The survey also revealed that 66% of CFOs believe economic volatility poses the same or higher risk now as it did a year ago, while 36% intend to boost compensation for their staff and 29% intend to improve non-monetary perks in 2024.
Just over half (53%) of CFOs report that they have integrated ESG concepts into their main business plan or are actively working on it. Almost half of firms have or are establishing a generative artificial intelligence (AI) policy.
Despite the uncertainty, CFOs are identifying opportunities to build stability and resilience in their firms and strategies to stimulate growth. New tools, such as AI, and new approaches to business concerns, such as worker engagement, create intriguing opportunities that will shape the middle market’s priorities this year, BDO noted.
“In this economic environment, thriving companies are being even more intentional about their approach to financial stability and long-term growth,” said Wayne Berson, CEO of BDO USA. “Those looking to prosper as the market rebounds must take bold action now to gain market share, carve out a competitive advantage, and position their organization for sustainable growth.”
The healthcare industry continues to suffer a difficult economic environment, but CFOs see remain optimistic, with 78% forecasting profit growth in 2024.
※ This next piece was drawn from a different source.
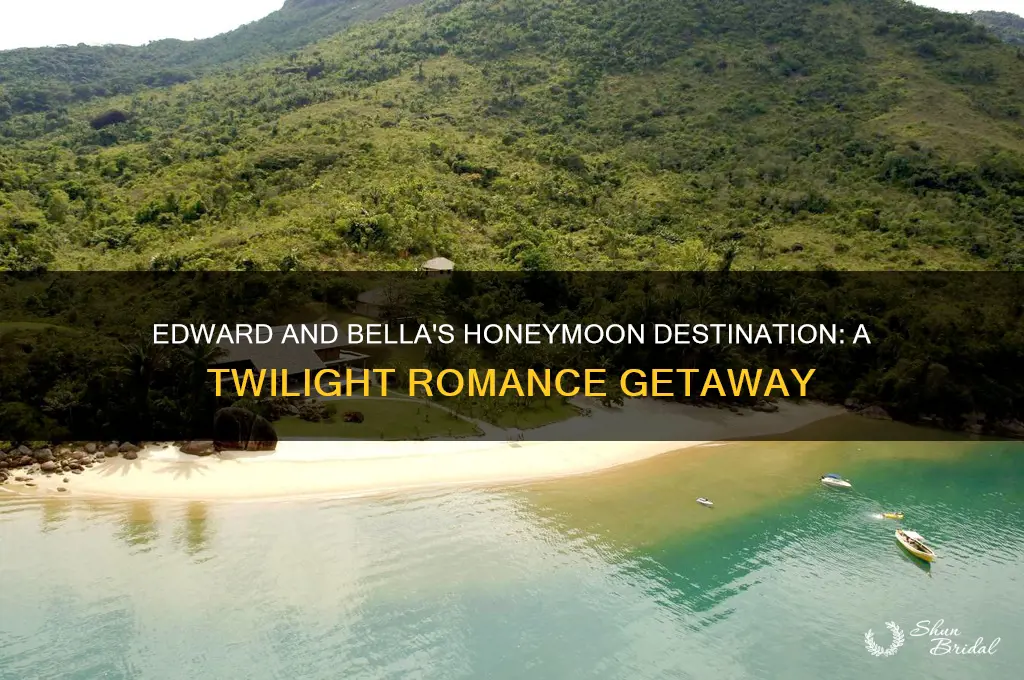 where do edward and bella go on their honeymoon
Meanwhile, life sciences CFOs face a cash-strapped environment as investor scrutiny rises and M&A activity slows. The more austere economic landscape implies that many life sciences CFOs are searching for methods to recoup expenses, with 42% stating that they intend to seek tax credits as a cost-cutting measure. Despite difficult funding conditions, these CFOs continue to prioritize fundamentals, with 77% intending to increase spending on R&D.
The survey comprised 600 middle-market CFOs with revenues ranging from under $250 million to over $3 billion and was conducted by Rabin Roberts Research, an independent marketing research firm, in October 2023.